Didi, which has become known as China’s answer to Uber, has been a major target of the widespread crackdown on the tech sector after years of growth before regulators intervened.

The fine, imposed for Didi’s cybersecurity practices, would be equivalent to more than 4% of its $27.3 billion in revenue last year and would pave the way for a listing on the Hong Kong stock exchange. , according to the Wall Street Journal.

If Didi’s fine is upheld, it would be the highest levied on a Chinese tech company since e-commerce giant Alibaba was ordered to pay $2.75 billion in April 2021 for anticompetitive practices.

So far, Didi has not responded to an emailed request for comment from Reuters.

Citing unnamed sources, the newspaper said that after the fine is announced, the government will ease restrictions on Didi’s operations.

The company was blocked from adding new users and its apps were removed from China’s online stores.

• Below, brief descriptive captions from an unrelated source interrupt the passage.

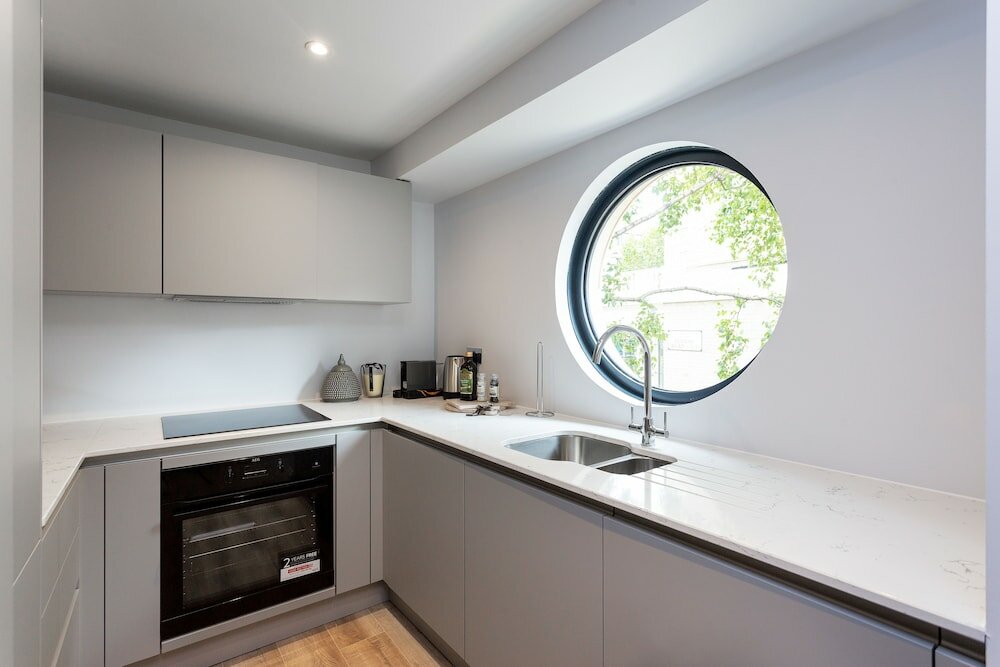 Фото The Carlyle - Elegant Serviced Apartments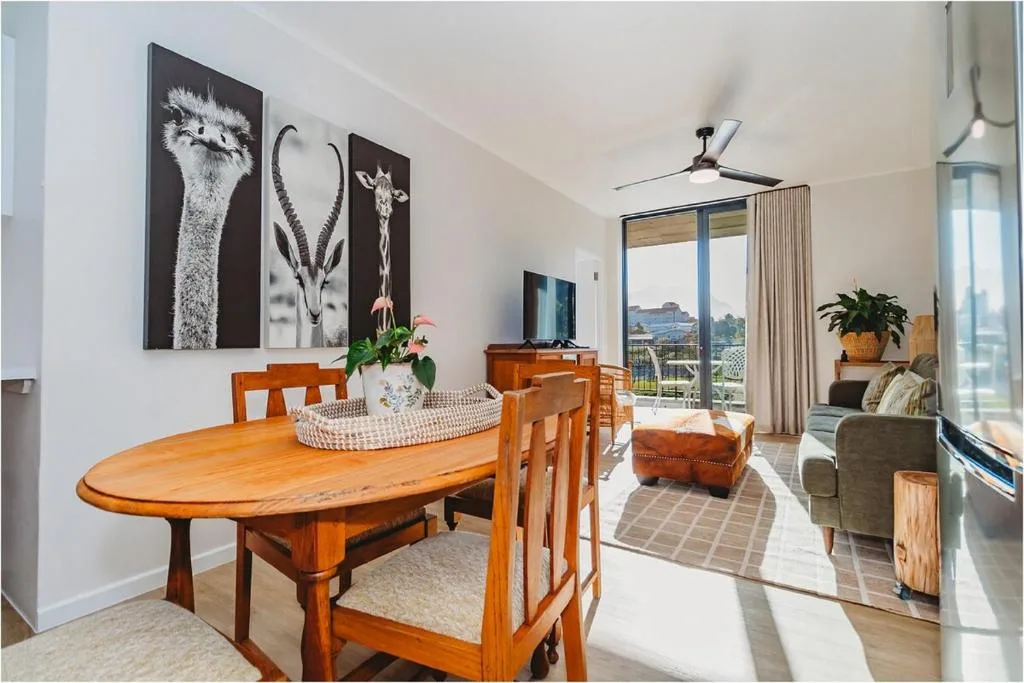 Wooden dining table with chairs, lounge area and mountain views beyond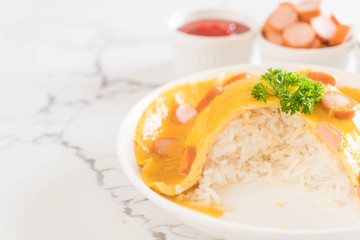 Creamy Omelet with Sausage on Rice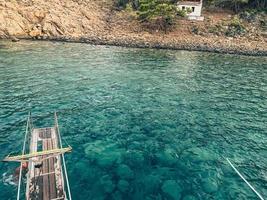 yate en mar abierto. mar con una playa de arena con el telón de fondo de una montaña, grandes piedras en el fondo. en un yate un puente de madera con pasamanos de metal foto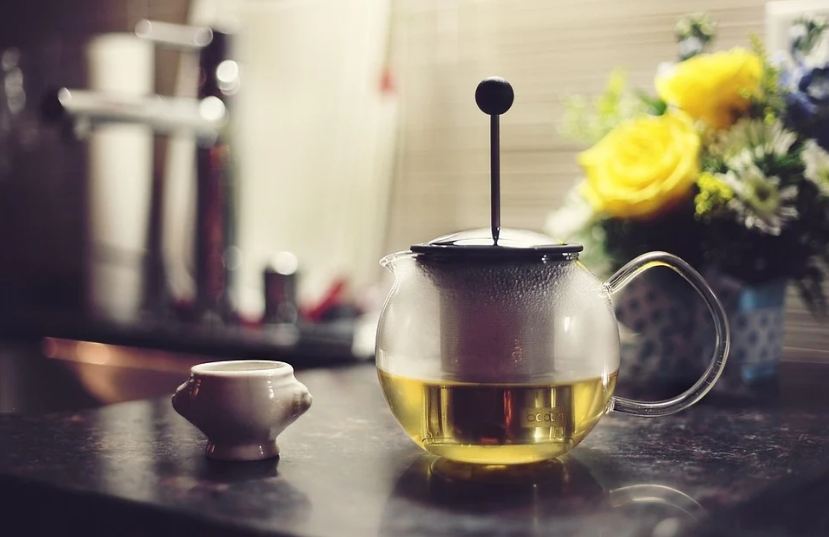 A cup and pot with green tea 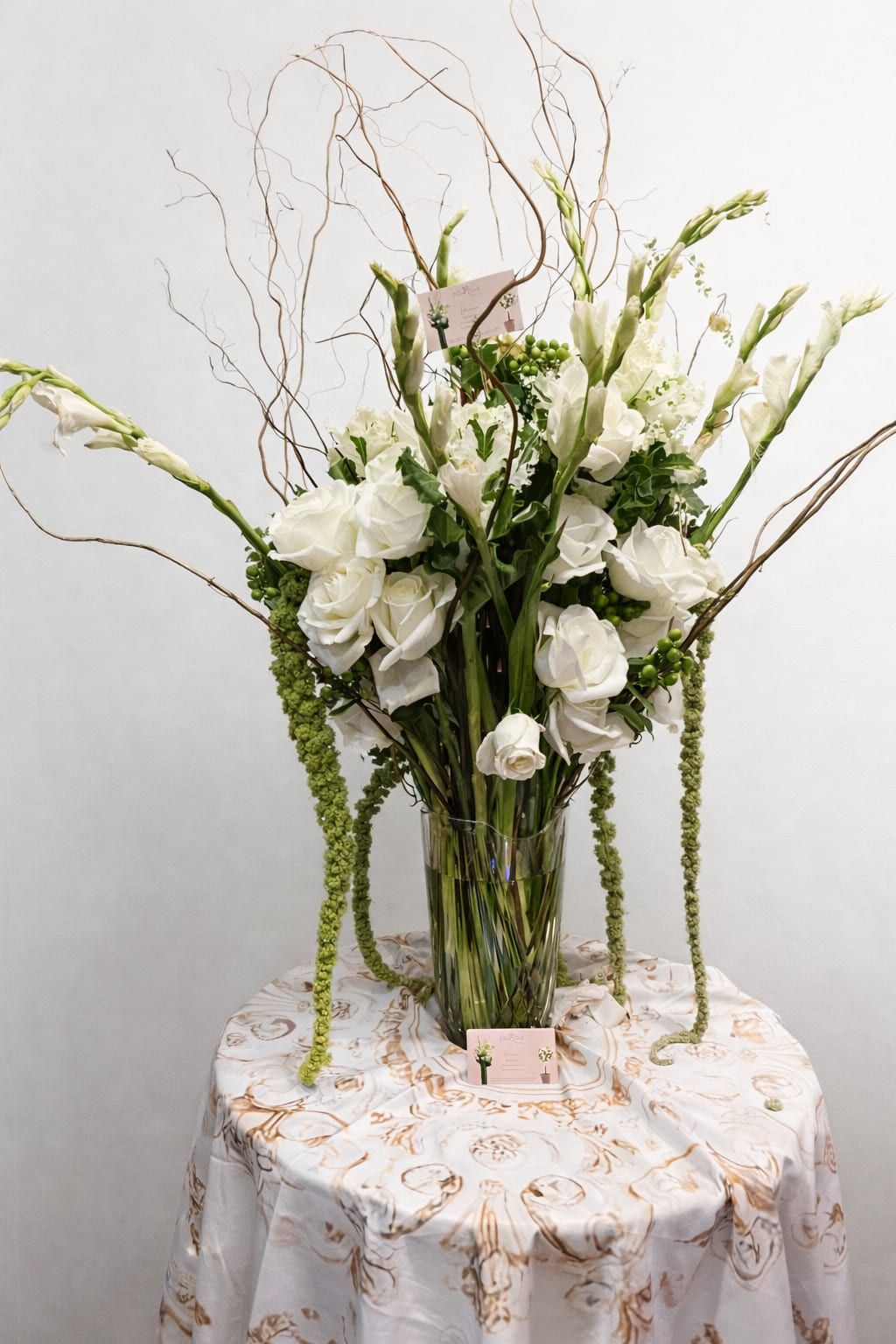 Tall white flower arrangement with roses and trailing green accents in a clear glass vase on a round table.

The American newspaper’s report sparked a rally in Chinese technology stocks in Hong Kong on Wednesday (20), amid investor hope that the regulatory storm that has swept the sector for the past two years will come to an end.

Alibaba shares rose 4%, while gaming company Tencent rose 2.5% in morning trade.

Didi ran into trouble in June 2021 after moving forward with an initial public offering in the United States, apparently against Beijing’s wishes. Shortly after raising $4.4 billion, Chinese authorities opened a cybersecurity investigation into the company, causing its shares to plummet.